▸ **GOAL OF THE EXERCISE**
In the data below, set down exactly the lines from the one containing "Teen girl sitting" up to and including the one containing "A young woman". Leave the pictures out.

▸ **RECORDS FOR THIS TASK**

+ + +

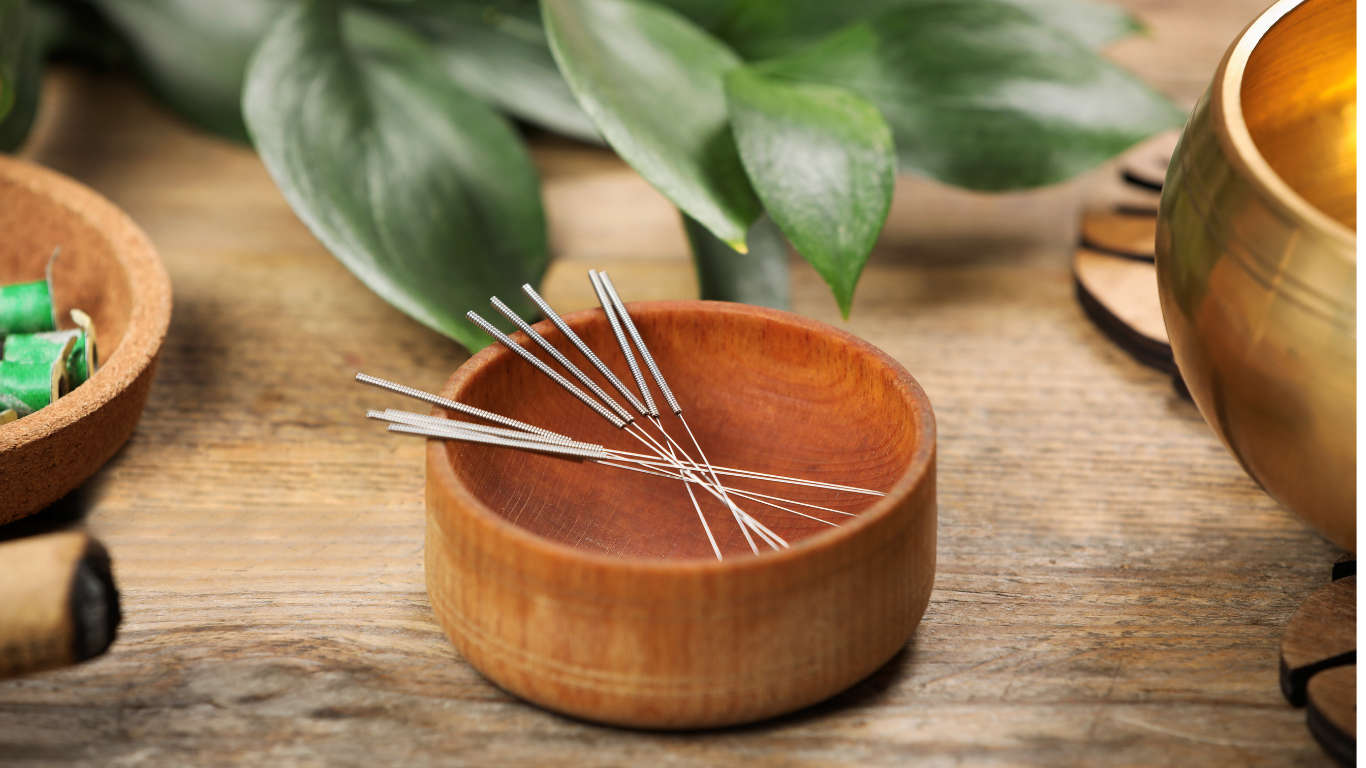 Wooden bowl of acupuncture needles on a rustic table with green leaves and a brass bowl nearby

+ + +

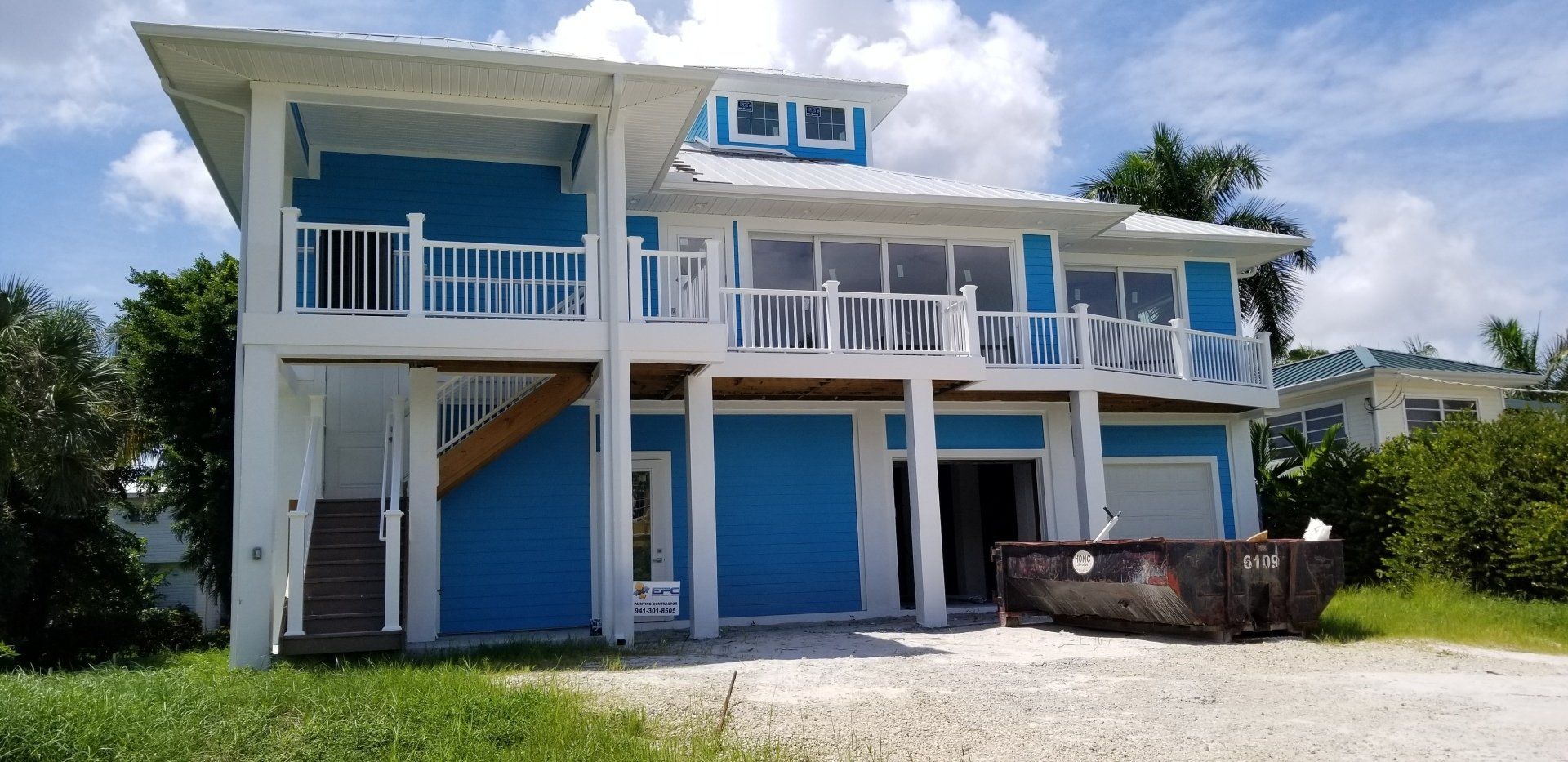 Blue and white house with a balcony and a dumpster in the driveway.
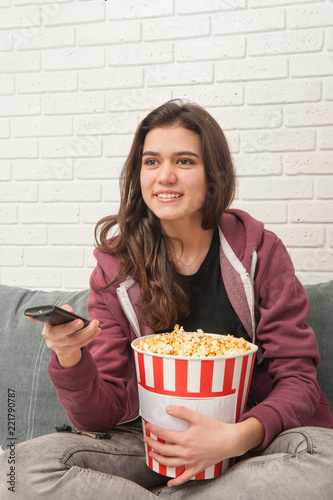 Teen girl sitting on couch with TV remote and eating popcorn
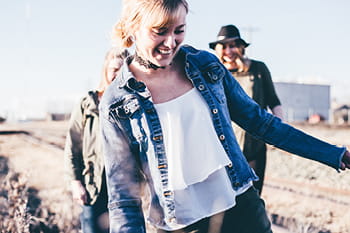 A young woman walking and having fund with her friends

+ + +

▸ **RESULT OF THIS TASK**
 Teen girl sitting on couch with TV remote and eating popcorn
 A young woman walking and having fund with her friends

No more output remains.